When you’re brown like me, the world looks at you differently. My shade of brown is light, almost pure enough to respect. I am just a hint of spice, just a little bit of flavor for the people who can’t handle some sort of burn, some sort of feeling besides numb.
I can walk down the streets of my hood and I can walk down their streets paved with gold. I am the one they look to, the token they run to, when they want to feel secure in who they pretend they’re not. They’re not racist if I’m around, they love spice when it tastes like me.
I hold onto this everyday, the knowledge that I am the object of the racist man’s societal desire. I am an educated woman. Eloquent language flows easily from my lips, drips from my fingertips. My clothes look like theirs’, or close enough at least. My skin and my appearance are the things they crave and want to put on a stage to say, “Look, we let one get through. We can’t be that bad.”
But I fought my way through. I left the ways of my people behind for a while, abandoned the way we speak and act to fit in with the elite. Held my tongue as best I could, worked full time, educated myself overtime, to be better and yet treated as a little under equal. I worked my way through a system that tried to push me out at every turn and I conquered it to see that life isn’t so great at this end either.
And yet, the fetishization of my skin and my demeanor was almost worth the pain because we’re an inch closer, a shade deeper, to reaching ordinary. When people like me don’t have to be exceptions is when life will truly be good. When it will no longer matter the depth of the brown on our skin is when we will all be able to claim victory.

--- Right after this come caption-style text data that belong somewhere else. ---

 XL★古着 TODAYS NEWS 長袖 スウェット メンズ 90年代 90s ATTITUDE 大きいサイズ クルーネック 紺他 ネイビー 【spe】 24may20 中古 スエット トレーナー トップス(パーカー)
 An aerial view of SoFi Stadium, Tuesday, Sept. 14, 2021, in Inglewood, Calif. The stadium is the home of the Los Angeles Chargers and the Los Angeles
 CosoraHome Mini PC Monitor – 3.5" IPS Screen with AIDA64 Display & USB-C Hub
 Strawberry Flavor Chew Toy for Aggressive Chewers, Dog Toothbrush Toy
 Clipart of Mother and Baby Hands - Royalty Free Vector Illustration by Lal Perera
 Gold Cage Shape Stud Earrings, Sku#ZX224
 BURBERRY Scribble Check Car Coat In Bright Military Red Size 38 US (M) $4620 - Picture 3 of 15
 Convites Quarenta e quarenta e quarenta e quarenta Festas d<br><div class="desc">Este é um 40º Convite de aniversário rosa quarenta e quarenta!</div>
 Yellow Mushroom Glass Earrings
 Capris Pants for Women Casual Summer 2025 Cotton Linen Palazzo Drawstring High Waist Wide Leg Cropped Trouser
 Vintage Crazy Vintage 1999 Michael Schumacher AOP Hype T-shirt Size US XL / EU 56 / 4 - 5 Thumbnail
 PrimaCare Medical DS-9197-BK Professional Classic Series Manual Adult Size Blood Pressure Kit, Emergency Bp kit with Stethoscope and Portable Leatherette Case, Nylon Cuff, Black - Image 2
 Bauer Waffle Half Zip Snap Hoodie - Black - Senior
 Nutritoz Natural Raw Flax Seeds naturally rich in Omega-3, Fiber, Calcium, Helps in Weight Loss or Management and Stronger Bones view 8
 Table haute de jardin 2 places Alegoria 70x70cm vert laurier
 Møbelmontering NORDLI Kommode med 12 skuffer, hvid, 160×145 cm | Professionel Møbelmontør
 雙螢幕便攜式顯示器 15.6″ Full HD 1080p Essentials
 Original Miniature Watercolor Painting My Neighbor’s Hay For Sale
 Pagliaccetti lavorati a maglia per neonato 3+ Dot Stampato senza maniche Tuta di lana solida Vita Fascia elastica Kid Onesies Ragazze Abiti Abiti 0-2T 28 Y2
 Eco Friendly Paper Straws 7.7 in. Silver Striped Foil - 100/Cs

Until then, we’re backed into the same corner again and again. The same corner we’ve kicked and clawed and fought our way out of since this land became “free.” The free man stands in our way because to allow us freedom feels like we’re taking theirs’ away. That’s not the way it works free man. Block us into this corner for just a little while longer and you’ll feel what it’s like to be stripped of your freedom. There can be no peace expected where no peace is given. Let us be free with you or I fear none of us can be.
Stop looking at me white man, white woman. Stop pointing in my direction when you want us to resign ourselves to your corners. I don’t live there anymore. I am free.
And believe me, I will fight for my people to be free, too.